Log Replication Failures
The core idea
Raft only tells the client "success" after a majority of nodes have the write. This single rule is what makes committed data safe across every failure scenario.
How a write works in Raft#
Every write goes through exactly these steps before the client gets a response:
Step 1 → Leader writes entry to its own WAL (uncommitted)
Step 2 → Leader sends entry to followers via AppendEntries RPC
Followers write entry to their WAL (uncommitted)
Step 3 → Leader receives majority acks → marks entry committed in its WAL
Step 4 → Leader applies entry to state machine
Step 5 → Leader replies "success" to client
Step 6 → Leader sends commit notification to followers → they commit + apply too
The client only hears "success" at Step 5 — after majority has the entry and the leader has committed. This is the guarantee everything else is built on.
Case 1 — Leader crashes before replicating (between Step 1 and Step 2)#
Leader wrote to its own WAL but crashed before sending to any follower. No follower has any trace of this entry.
sequenceDiagram
participant C as Client
participant A as Leader (A)
participant B as Follower B
participant C2 as Follower C
C->>A: Write request
A->>A: Write to WAL (uncommitted)
Note over A: Crashes here ✗
Note over B,C2: No entry at all
B->>B: Timeout → start election (Term 2)
B-->>C2: Request vote
C2-->>B: Vote granted
Note over B: New leader (Term 2)
A->>A: Comes back → sees Term 2 → steps down as follower
B->>A: Sync → A's uncommitted entry discarded Result: Entry discarded.

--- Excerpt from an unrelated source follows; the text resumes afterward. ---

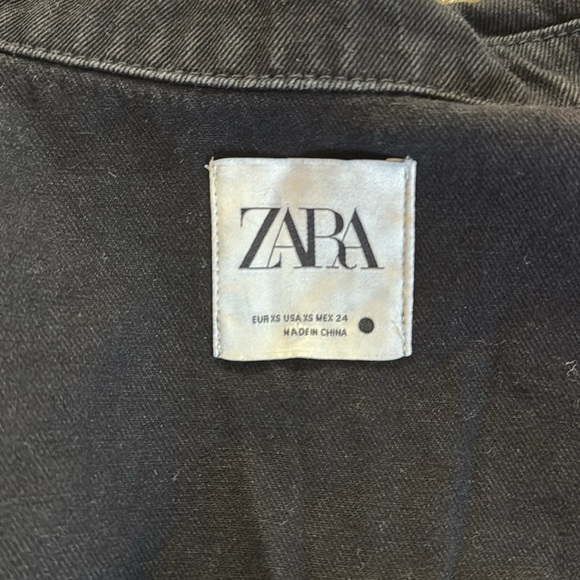 Zara Black Jean Jacket with Fringe Detailing, ,XS - Picture 7 of 7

Client got no response, so it retries. Idempotency handles the duplicate.
Case 2 — Leader crashes after replicating but before committing (between Step 2 and Step 3)#
Leader sent the entry to followers. Followers wrote it to their WAL as uncommitted. Leader crashes before getting majority acks.
sequenceDiagram
participant C as Client
participant A as Leader (A)
participant B as Follower B
participant C2 as Follower C
C->>A: Write request
A->>A: Write to WAL (uncommitted)
A->>B: AppendEntries (uncommitted)
A->>C2: AppendEntries (uncommitted)
B->>B: Write to WAL (uncommitted)
C2->>C2: Write to WAL (uncommitted)
Note over A: Crashes before getting acks ✗
B->>B: Timeout → start election (Term 2)
B-->>C2: Request vote
C2-->>B: Vote granted
Note over B: New leader (Term 2)
Note over B: Sees uncommitted entry in WAL
Note over B: Majority has it → safe to auto-commit
B->>B: Commits entry
B->>C2: Commit notification → C2 commits
A->>A: Comes back → B syncs A → A commits too Result: Entry is saved. New leader sees the uncommitted entry on majority nodes and auto-commits it. Client retries (got no response) — idempotency handles the duplicate.

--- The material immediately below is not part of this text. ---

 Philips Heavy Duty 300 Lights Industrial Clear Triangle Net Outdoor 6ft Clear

Why can the new leader auto-commit?
Because it was elected by majority — meaning majority already has this entry in their WAL. It's safe to commit because the data won't disappear even if another node fails.
Case 3 — Leader crashes after committing but before notifying followers (between Step 5 and Step 6)#
Leader committed the entry and replied "success" to the client. Was about to send the commit notification to followers — crashes right here. Followers still have the entry as uncommitted.
sequenceDiagram
participant C as Client
participant A as Leader (A)
participant B as Follower B
participant C2 as Follower C
C->>A: Write request
A->>A: Write to WAL (uncommitted)
A->>B: AppendEntries
A->>C2: AppendEntries
B->>B: Write to WAL (uncommitted)
C2->>C2: Write to WAL (uncommitted)
B-->>A: ACK
C2-->>A: ACK
A->>A: Majority acks → commits entry
A-->>C: "success"
Note over A: Crashes before sending commit notification ✗
B->>B: Timeout → start election (Term 2)
Note over B: New leader (Term 2)
Note over B: Sees uncommitted entry on majority → auto-commits
B->>C2: Commit notification → C2 commits
A->>A: Comes back → B syncs A → A commits too Result: Identical outcome to Case 2. New leader auto-commits the pending entry. Client already got "success" and does not retry.
The pattern across all three cases#
| When leader crashes | Followers have | Outcome |
|---|---|---|
| Before replicating (Step 1→2) | Nothing | Entry discarded. Client retries. |
| After replicating, before commit (Step 2→3) | Uncommitted entry on majority | New leader auto-commits. Client retries harmlessly. |
| After committing, before notifying (Step 5→6) | Uncommitted entry on majority | New leader auto-commits. Client already got success. |
Committed data is never lost
"Committed" in Raft means majority acknowledged the entry. The new leader is always elected from majority — so committed data always survives, even permanent leader failure. The only exception is losing more than ⌊N/2⌋ nodes permanently at the same time.
What if a follower missed some entries?#
Say Follower C was down during several writes and just came back. Its log is behind.
Leader: [1, 2, 3, 4, 5, 6]
Follower C: [1, 2, 3, 4]
Follower C rejects index 6 → "I only have up to index 4"
Leader → sends index 5 → C applies → sends index 6 → C applies
Follower C: [1, 2, 3, 4, 5, 6] ✓
Followers never skip entries. They always catch up sequentially. No gaps allowed — ever.